Итак, у Вергилия история Лаокоона является только средством для достижения высших целей, и еще вопрос, является ли само по себе это происшествие достойным объектом поэзии.
1798
О ПРАВДЕ И ПРАВДОПОДОБИИ В ИСКУССТВЕ
На сцене одного немецкого театра изображалась овальная, имеющая форму амфитеатра зала, в ложах которой были нарисованы зрители, как бы принимавшие участие в том, что происходило внизу. Иные из подлинных зрителей в партере и в ложах были этим весьма недовольны и даже обиделись на то, что им намеревались навязать нечто столь неправдивое и неправдоподобное. По этому поводу возник разговор, приблизительное содержание которого и излагается здесь.
Защитник художника. Давайте-ка посмотрим, не удастся ли нам как-нибудь сговориться друг с другом.
Зритель. Не понимаю, каким образом вы собираетесь оправдать подобное изображение.
Защитник. Но ведь, не правда ли, когда вы идете в театр, вы не ожидаете, чтобы все разыгрывающееся на сцене было правдивым и настоящим?
Зритель. Нет! Но я стремлюсь, чтобы мне, по крайней мере, все казалось правдивым и настоящим.
Защитник.

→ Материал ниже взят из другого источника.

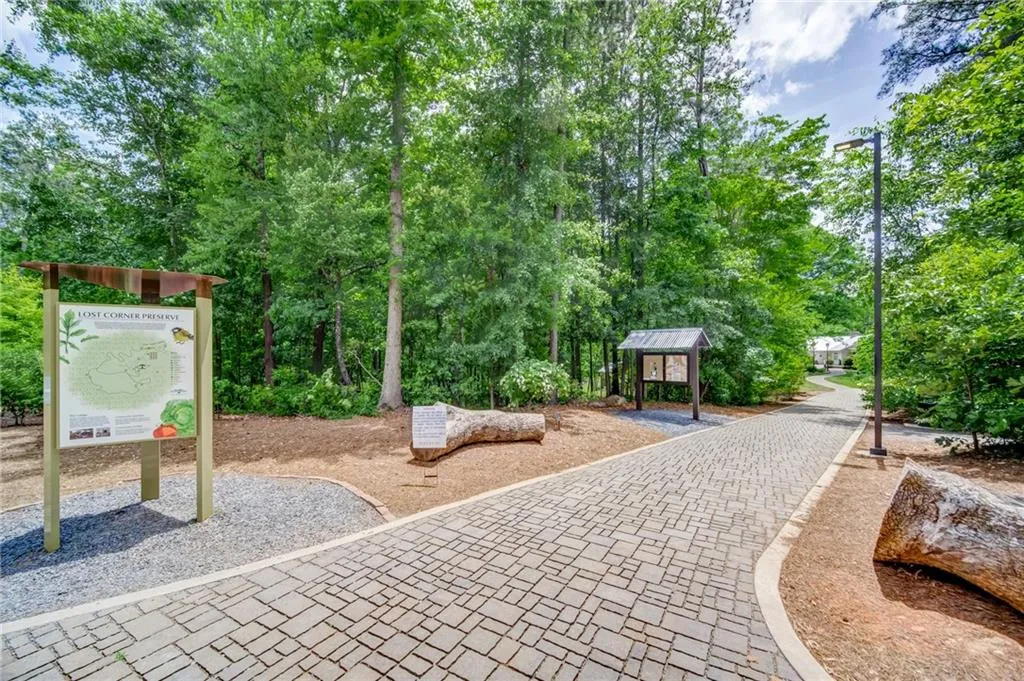 200 W Spalding Drive, Sandy Springs, Georgia 30328, 4 Bedrooms Bedrooms, ,3 BathroomsBathrooms,Residential,Sold,200 W Spalding Drive,6886516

Простите, если я позволю себе, вопреки вашему признанию, утверждать, что вы ни в коем случае к этому не стремитесь.
Зритель. Вот странно! Если бы я не стремился к этому, то для чего были бы все усилия декоратора точнейшим образом следовать законам перспективы и тщательно воссоздавать все предметы? К чему было бы изучать костюмы разных эпох? К чему затрачивать огромные средства на то, чтобы сделать их достаточно выдержанными, разве не для того, чтобы перенести меня в те отдаленные времена? Почему больше всего прославляют того актера, который правдивее других передает чувства, который речью, движениями, жестом ближе подходит к действительности и создает иллюзию, будто я вижу не подражание, а нечто действительно происходящее?
Защитник. Вы отлично передаете свое восприятие, но достаточно ясно понять, что именно нами воспринимается, видимо, труднее, чем вы думаете. Смею вас заверить, что все театральные представления отнюдь не кажутся вам правдивыми и разве что имеют видимость правдивого.
Зритель. Все эти тонкости в конце концов не более, как игра слов.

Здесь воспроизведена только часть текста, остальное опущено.